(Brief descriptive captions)
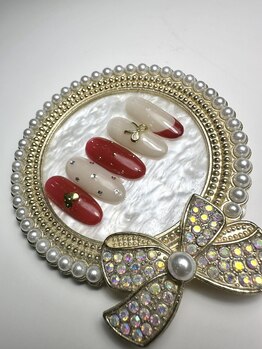 ブリリアント/バレンタインネイル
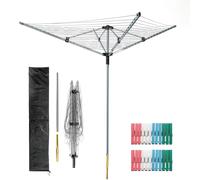4 Arm 60m Rotary Washing Line, Outdoor Clothes Airer with Ground Spike & Protective Cover, UV-Resistant & Non-Slip Lining, Smooth Turns Umbrella System (Grey Pole)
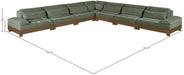 Meridian Furniture - Turin 167.75" Chenille Fabric Upholstered 7 Piece Modular Sectional - 606Green-Sec7A - GreatFurnitureDeal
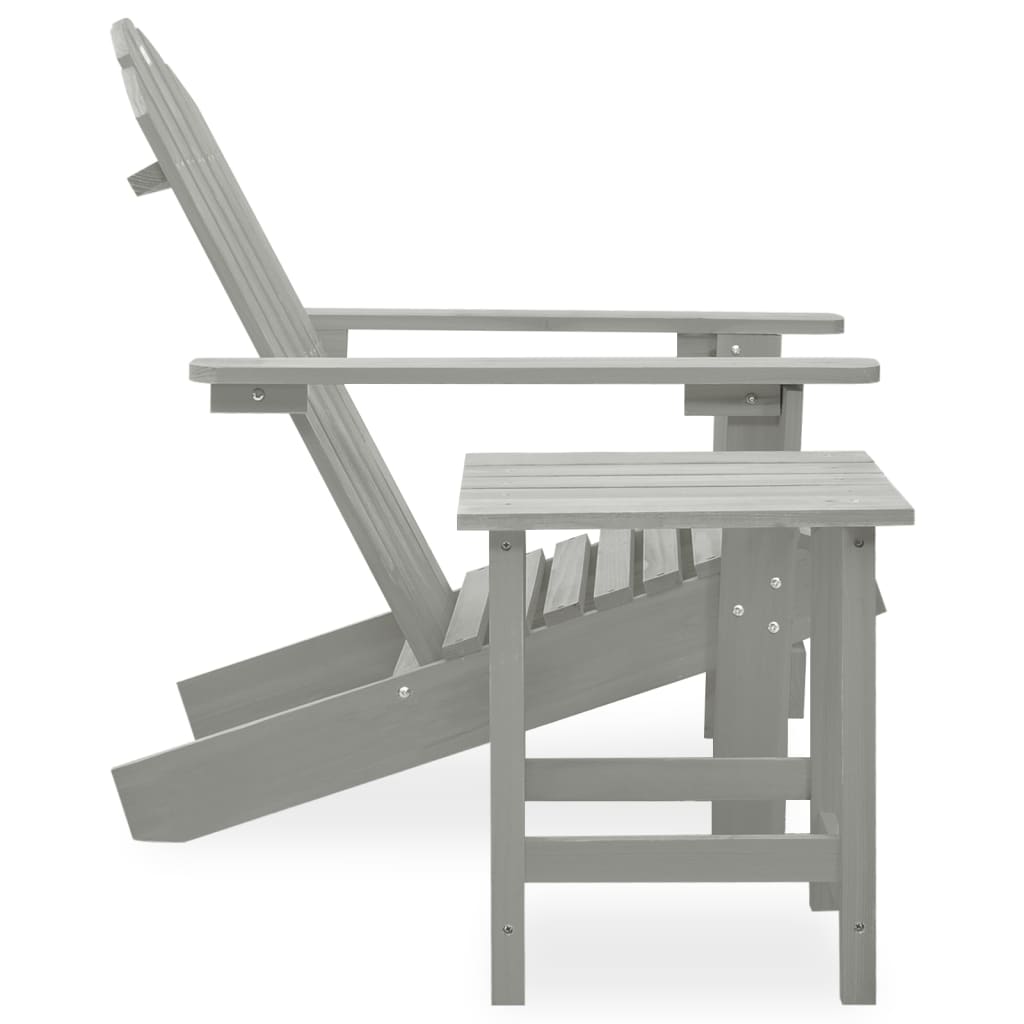 Sedia Da Giardino Adirondack Con Tavolino Legno Abete Grigio - Image 3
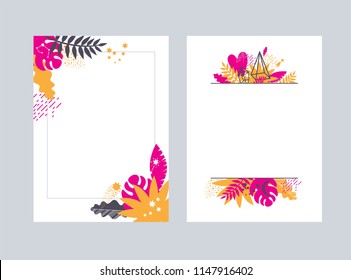 Floral frames, borders and conners with yellow and pink leaves of tropical trees. Decor Heart, stars, constellations. For invitations, cards for wedding Day, Mother's Day, Birthday, Women's day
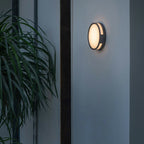 Lampada da Parete Rotonda Moderna in Metallo/ Impermeabile per Esterni, Nera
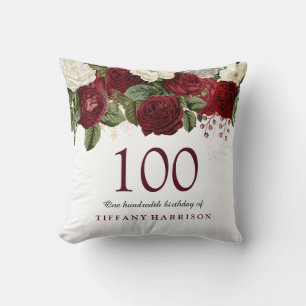 Cojín Decorativo Regalo de cumpleaños 100 de la Rosa Roja de Borgoñ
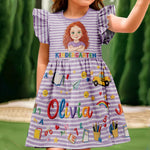 School Days, Sweet Smiles - Personalized Kid Kid Ruffle Sleeve Dress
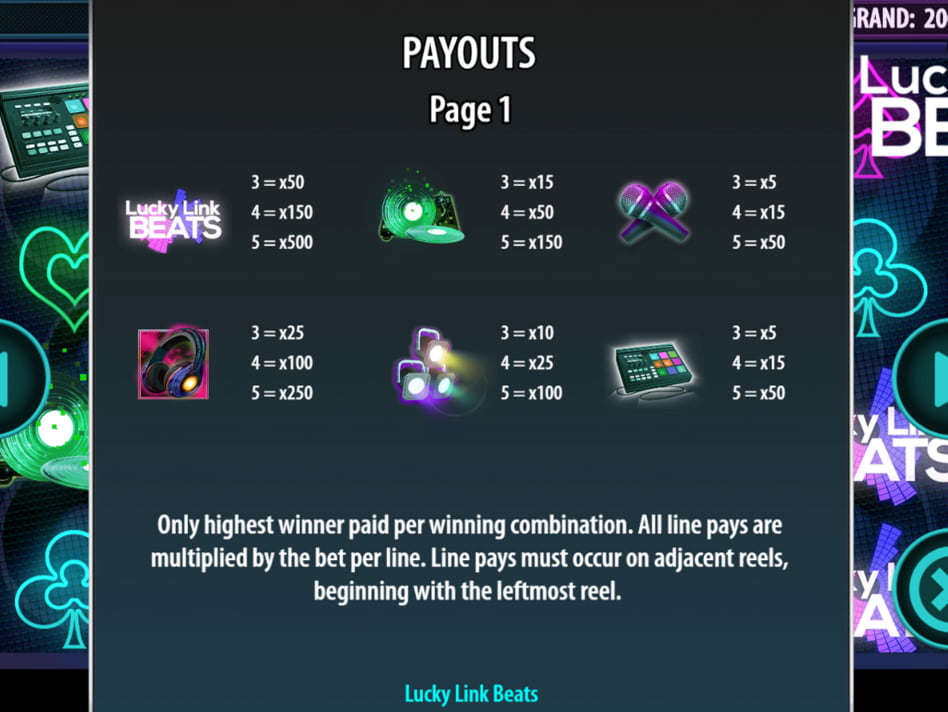 Lucky Link Beats screenplay Lucky Link Beats slot game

_TASK_: Print exactly, and print only, the lines from the line with "Floral frames, borders" through the last line of the entries, both ends included. No pictures belong in the result.

_ANSWER BELOW_:
 Floral frames, borders and conners with yellow and pink leaves of tropical trees. Decor Heart, stars, constellations. For invitations, cards for wedding Day, Mother's Day, Birthday, Women's day
 Lampada da Parete Rotonda Moderna in Metallo/ Impermeabile per Esterni, Nera
 Cojín Decorativo Regalo de cumpleaños 100 de la Rosa Roja de Borgoñ
 School Days, Sweet Smiles - Personalized Kid Kid Ruffle Sleeve Dress
 Lucky Link Beats screenplay Lucky Link Beats slot game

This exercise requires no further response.